Because for the last three years I have been involved in working with Egypt's public sector TV - Nile TV. 

Whilst the hard graft has been undertaken by an NGO working in media, my role as facilitator, part game-changer, and trainer has been deeply fascinating.

Satellite dish galores - the digi-landscape of Cairo
Firstly a background. I have been working directly in and training others in Videojournalism/ IMVJ for the last 16 years. Earlier on, it was a regurgitation to a large extent of television's language, with remnants of cinema.

By 2000, it had shifted. By mid 2000 I was asked to help drive the Press Association's Videojournalism programme. I did the very first one and followed up from journalist and ex-BBC camera Christine Fox.

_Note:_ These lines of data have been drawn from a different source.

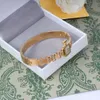 デザイナーブレスレット女性c-letter bangle18kゴールドメッキステンレス鋼女性ラブブランド結婚式の誕生日パーティージュエリー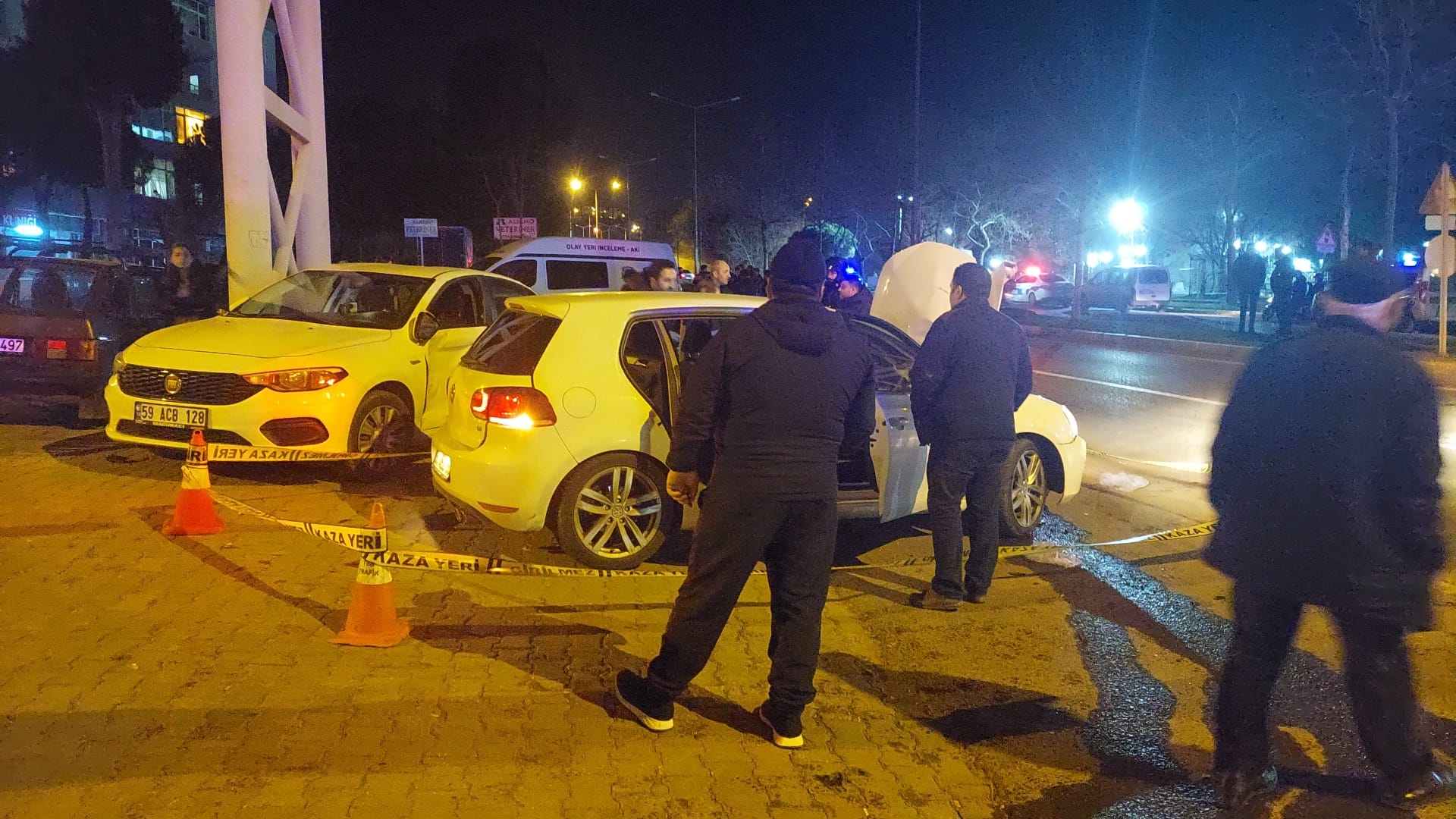 Tekirdağ’ın Süleymanpaşa ilçesine bağlı Atatürk Bulvarı üzerinde karşıdan karşıya geçmeye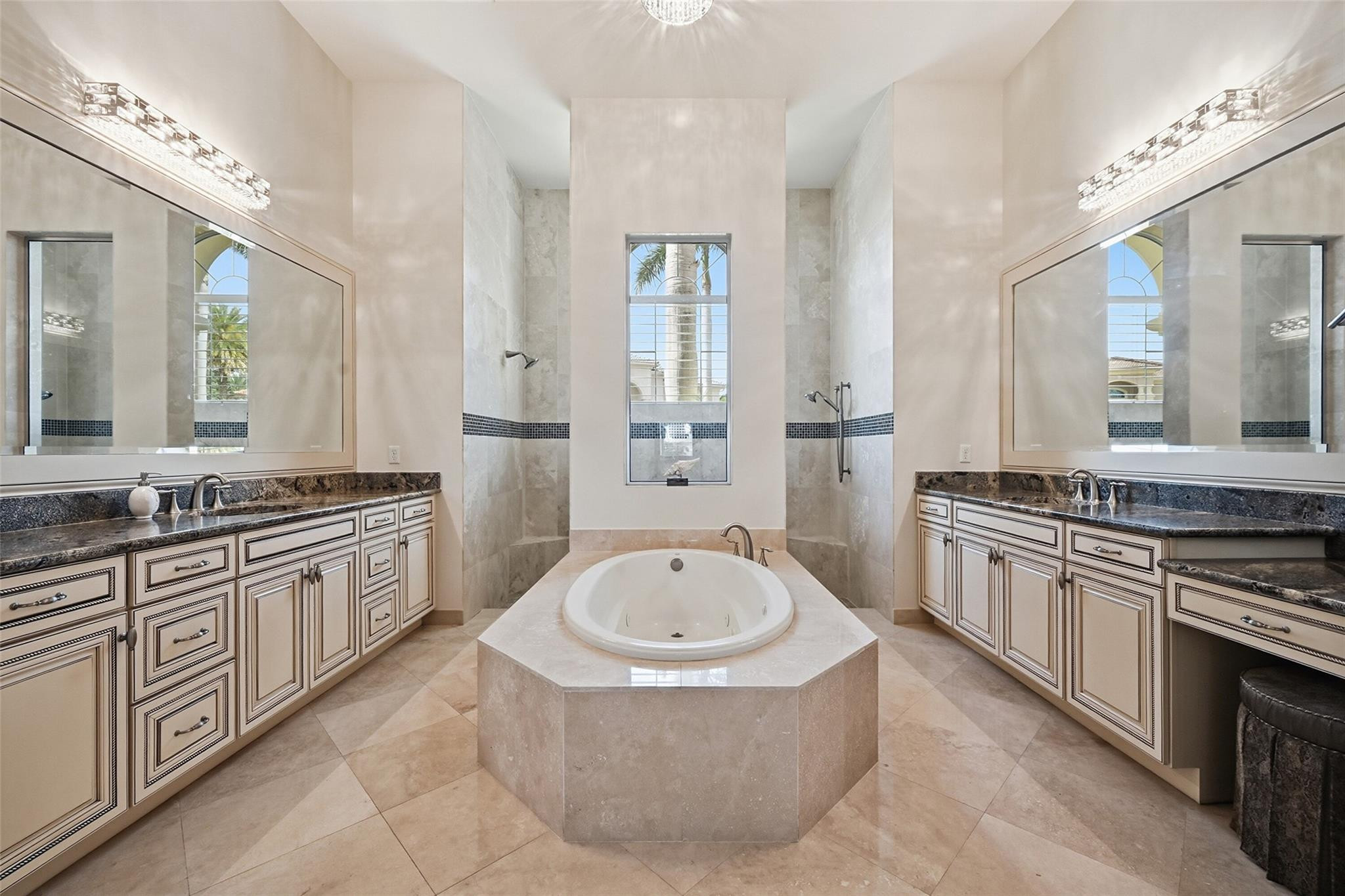 17362 Balaria Street Boca Raton, FL 33496 - Photo 43 of 96 Jacuzzi Tub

There, I took video enthusiasts into the grey area of IMVJ; video/ film is design. It's liquid design in the frame, and design in its geography on the page - all of which affect the aesthetic.

IMVJ just as magazine design looks for space - a rarefied asesthetic loci. The photojournalist interprets this in the still image.

To understand IMVJ is to comprehend the visual static and running image in its many guises.  In my research there are countless entities from videos panoramic vista e.g.

  • Image - and Montage
  • Standup - PTC, Walkies and Static
  • Q&A - seated, mid shots, doc form
  • Expressive video insert - Pictures that animate to video on the page
  • News of Record - What news was built on
  • News as aesthetic - What news aspires but traditionally eschews
  • Features - derived from Newsreels - post 60 mins
  • Docs - countless forms here from Griersonian to Reality (Wife Swap)
  • Cinema or clumsily out vinema

To understand IMVJ requires a transaction where you're ready to speak a new language, which is somehow a cacophony of street slangs and vernaculars from many antecedents.

In English you might say: "How are you?" In Afrikaans English: "Howzit!"

In Cairo - a new generation, already foregrounded in film/ video theory are learning that new language. At times it's been interesting - a replay of hoary chestnut conversations you've heard elsewhere.

Poster-boy pinnup IMVJ Mohammed was challenged by a battle-scared cameraman, with how dare he handle a camera or call himself a cameraman.

Descriptors are often unnecessary; but in this instance, its simple: "No I'm not a camera man I'm an VJ!!

Egypt is a country replete with stories and this skill set picked up and ran with by a new young generation should be a boon for those wanting to express themselves.

My Story
So on the IMVJS first stories (inserts) include: a street vendor, a posh book store, the city's French influence in architecture and how one man's quest to be an actor in Egypt is frustrating him.

From Mohammed, a pioneer; in one month he shot 40 stories, he's brought back stories from the border-conflict regions,and long forms on literature and art.

This is exciting, and deeply moving for me watching the region embrace new technology and new ways of working - that extend beyond TV grammar logic.

More recently having worked in Beirut, and before then in Ghana and South Africa, the wheels of change can be highly problematized.

I'm hoping to build a dedicated site of their work, soon. But this post helps to shed a beam on some extraordinary work taking place behind the main glare of videojournalism, woops IMVJ and for me to, well, write really!